Listed entries:
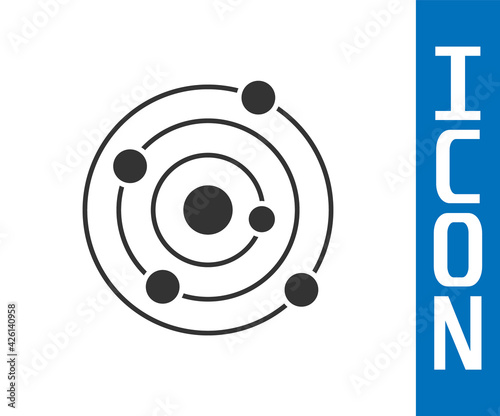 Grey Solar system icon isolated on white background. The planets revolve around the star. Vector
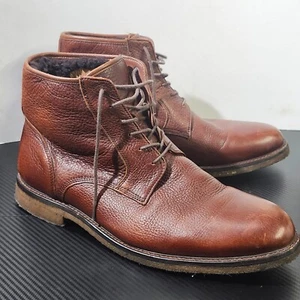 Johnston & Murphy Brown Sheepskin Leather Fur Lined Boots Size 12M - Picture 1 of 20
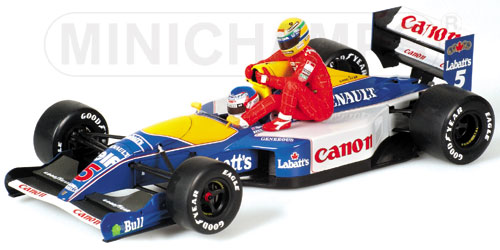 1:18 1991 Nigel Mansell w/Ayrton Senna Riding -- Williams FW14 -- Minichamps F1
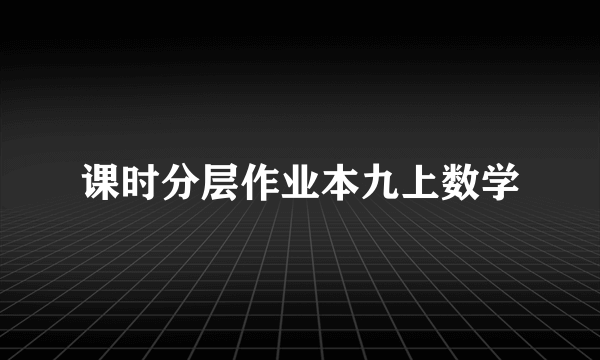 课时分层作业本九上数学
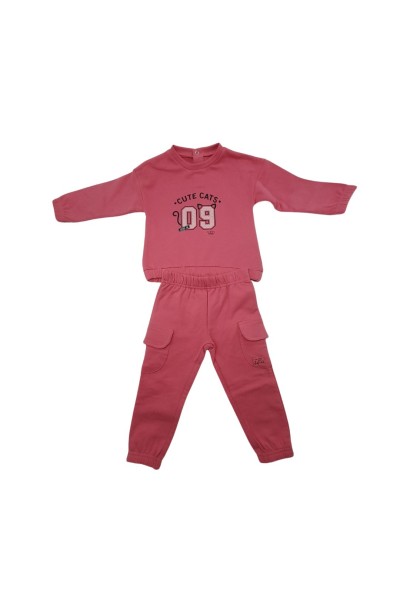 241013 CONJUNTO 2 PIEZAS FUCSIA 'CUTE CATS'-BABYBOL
==
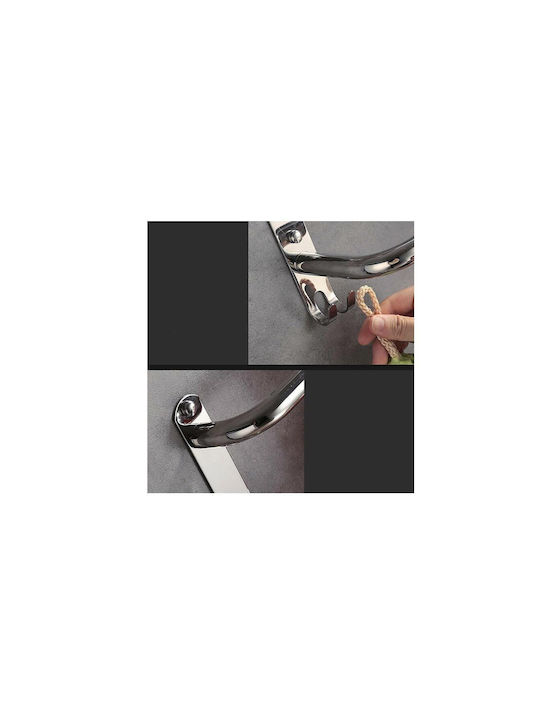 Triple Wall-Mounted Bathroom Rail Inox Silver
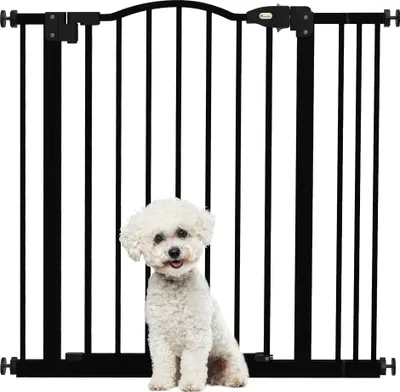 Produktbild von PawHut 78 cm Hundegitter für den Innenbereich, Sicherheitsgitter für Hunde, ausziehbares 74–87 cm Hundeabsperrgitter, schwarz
--
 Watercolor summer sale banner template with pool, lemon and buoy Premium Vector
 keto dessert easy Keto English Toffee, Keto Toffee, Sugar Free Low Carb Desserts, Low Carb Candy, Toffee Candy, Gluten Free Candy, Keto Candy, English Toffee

Exercise brief: What you return must match, character for character, the lines above from the one with "Triple Wall-Mounted Bathroom" through the one with "Produktbild von PawHut", minus any pictures.

Exercise answer:
 Triple Wall-Mounted Bathroom Rail Inox Silver
 Produktbild von PawHut 78 cm Hundegitter für den Innenbereich, Sicherheitsgitter für Hunde, ausziehbares 74–87 cm Hundeabsperrgitter, schwarz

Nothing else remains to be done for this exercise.